Danny’s possible connection to a gang remains unclear. Conflicting and unconfirmed reports postulate that he was either: 1) trying to flee gang violence when he moved here from El Salvador two years ago; 2) rebuffing recruitment attempts by the MS-13 in Virginia; or 3) possibly associated with the rival Barrio 18 gang in El Salvador.
The Loudoun County Sheriff department’s top gang expert, Sgt. Kevin Tucker, told me the MS-13 gangbangers in Sterling are mostly “getting their marching orders from El Sal (El Salvador).”
That raises the frightening possibility that Danny’s hit could have been ordered from abroad. One theory is that it was retaliation for a prior offense in El Salvador related to alleged ties to Barrio 18. But so far the sheriff’s department has not publicly identified a motive and is asking the community for help gathering more information.
Friends insist Danny never associated with gangs and never talked about problems back in El Salvador. Then again, Danny rarely spoke about anything personal.

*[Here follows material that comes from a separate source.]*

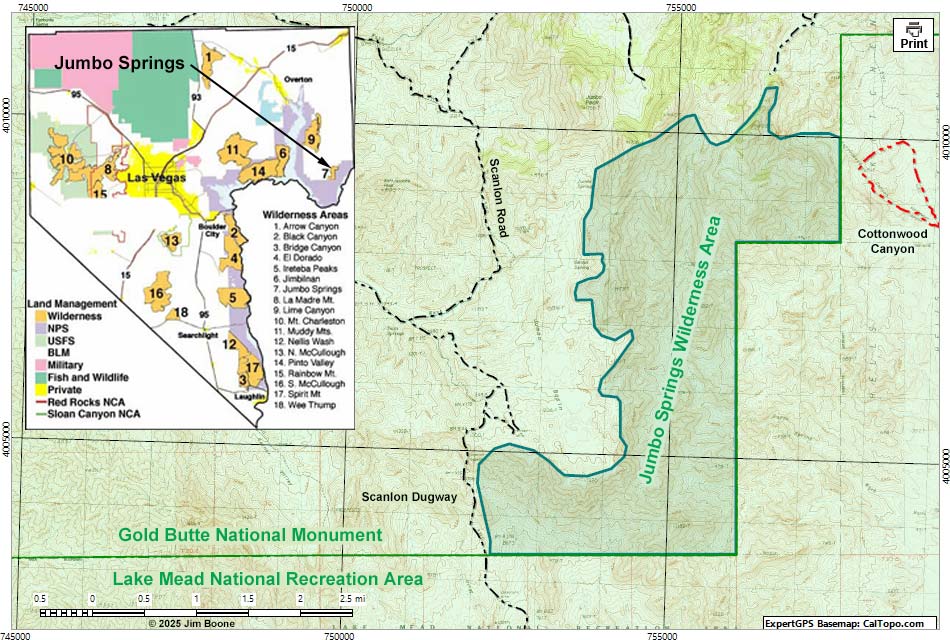 Jumbo Springs Wilderness Area Map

Danny was always cheerful, but he was a very reserved and private person, according to one of his best friends, a fellow Salvadoran immigrant. “Once he told me he missed picking mangoes in El Salvador, but never said much else about home,” she said. “Mostly he sat and listened, but didn’t talk much.” She thinks whatever problems Danny had with the MS-13 must have started in Sterling, but she says “if he knew something, he didn’t say.”
Danny’s family—he lived with his aunt, uncle and cousins—isn’t keen to discuss the matter either. The house where he lived recently installed a closed-circuit security camera outside the front door, and no family member would answer my requests for an interview. When I knocked on their front door last week, all the shutters and blinds were pulled tight, even though the family’s car was in the driveway.
Attempts to contact Danny’s friends and family in his hometown of Ilobasco, 30 miles outside San Salvador, where his body was repatriated and buried last week, were also unsuccessful. The town is controlled jointly by the MS-13 and Barrio 18, making it hard to know which gang—if any—he might have had contact with back home.